An Approximation Scheme for Data Monetization

成果类型:
Article
署名作者:
Mehta, Sameer; Dawande, Milind; Janakiraman, Ganesh; Mookerjee, Vijay
署名单位:
Erasmus University Rotterdam - Excl Erasmus MC; Erasmus University Rotterdam; University of Texas System; University of Texas Dallas
刊物名称:
PRODUCTION AND OPERATIONS MANAGEMENT
ISSN/ISSBN:
1059-1478
DOI:
10.1111/poms.13676
发表日期:
2022
页码:
2412-2428
关键词:
bundling information goods empirical-models econometrics COMPETITION auctions DESIGN price
摘要:
The unprecedented rate at which data are being generated has led to the growth of data markets where valuable data sets are bought and sold. A salient feature of this market is that a data-buyer (agent) is endowed with multidimensional private information, namely, her ideal record that she values the most and how her valuation for a given record changes as its distance from her ideal record changes. Consequently, the revenue-maximization problem faced by a data-seller (principal), who serves multiple buyers, is a multidimensional mechanism-design problem, which is well recognized as being difficult to solve.
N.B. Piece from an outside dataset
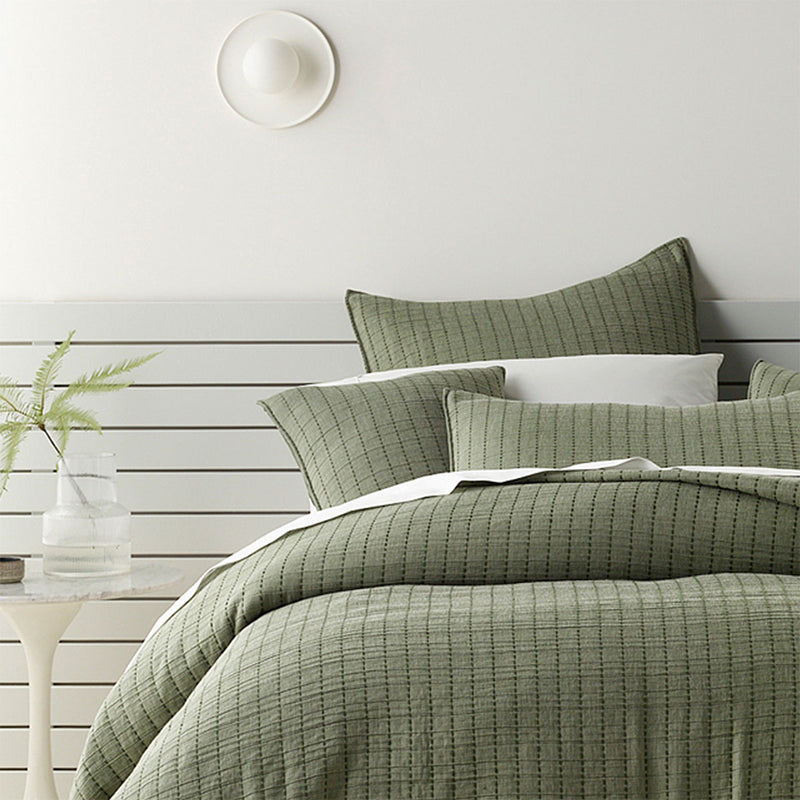 Bianca Bari Green Polyester Cotton Bedspread Set King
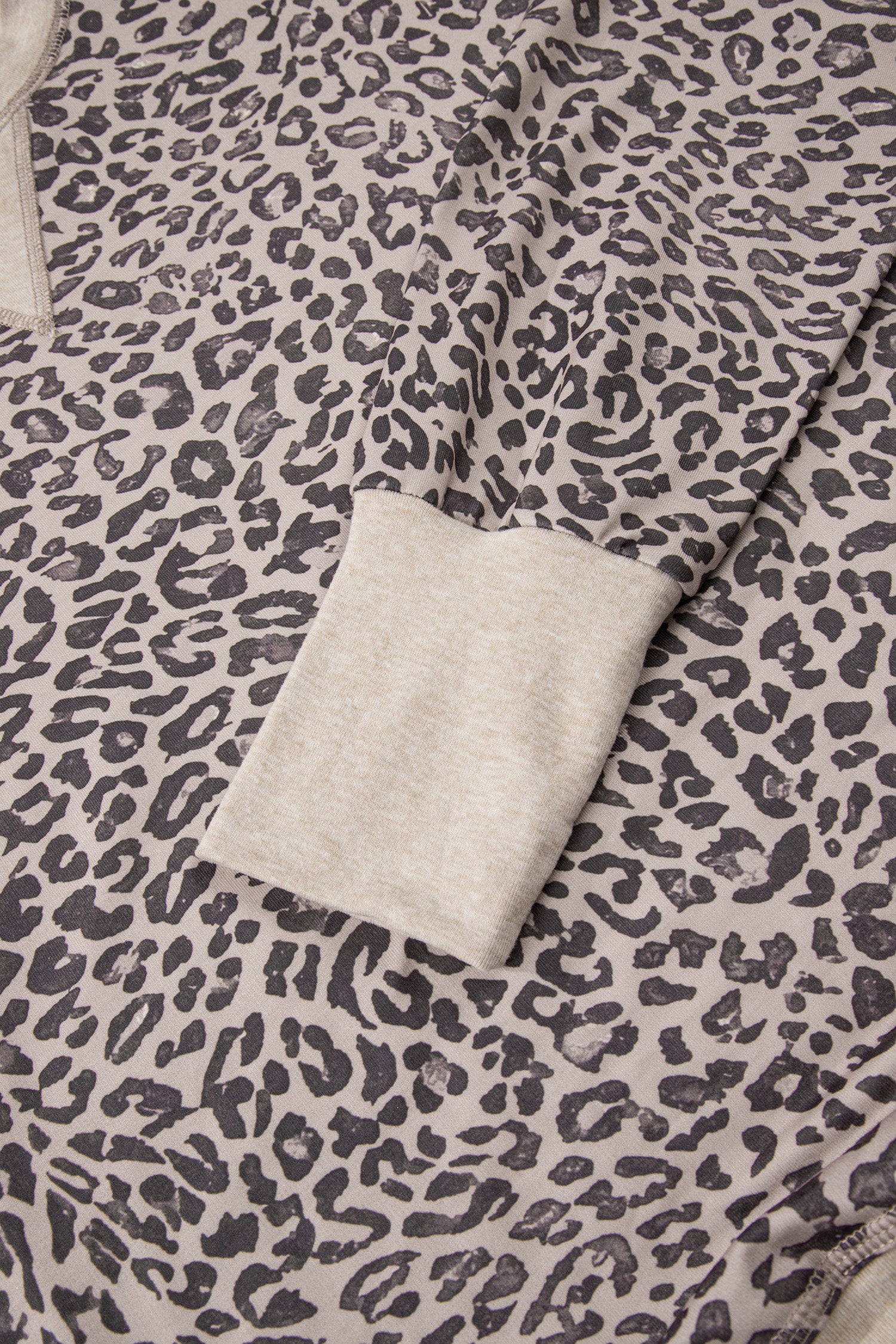 Pink Leopard Print Patchwork Crew Neck Sweatshirt-Tops/Sweatshirts & Hoodies-[Adult]-[Female]-2022 Online Blue Zone Planet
Our main result in this paper is an approximation scheme that guarantees a revenue within as close a positive amount from the optimal revenue as desired. The scheme generates a posted-price menu consisting of a set of item-price pairs-each entry in the menu consists of an item, that is, a set of records from the data set, and the price corresponding to that item. As a trade-off, the length of the menu resulting from the scheme increases as the desired guarantee gets closer to zero. For convenience in practice, data-sellers may want the ability to limit the length of the menu used by the scheme. To facilitate this, we extend our analysis to obtain a general approximation guarantee corresponding to a menu of any given length. We also demonstrate how the seller can exploit buyers' preferences to generate intuitive and useful rules of thumb for an effective practical implementation of the scheme.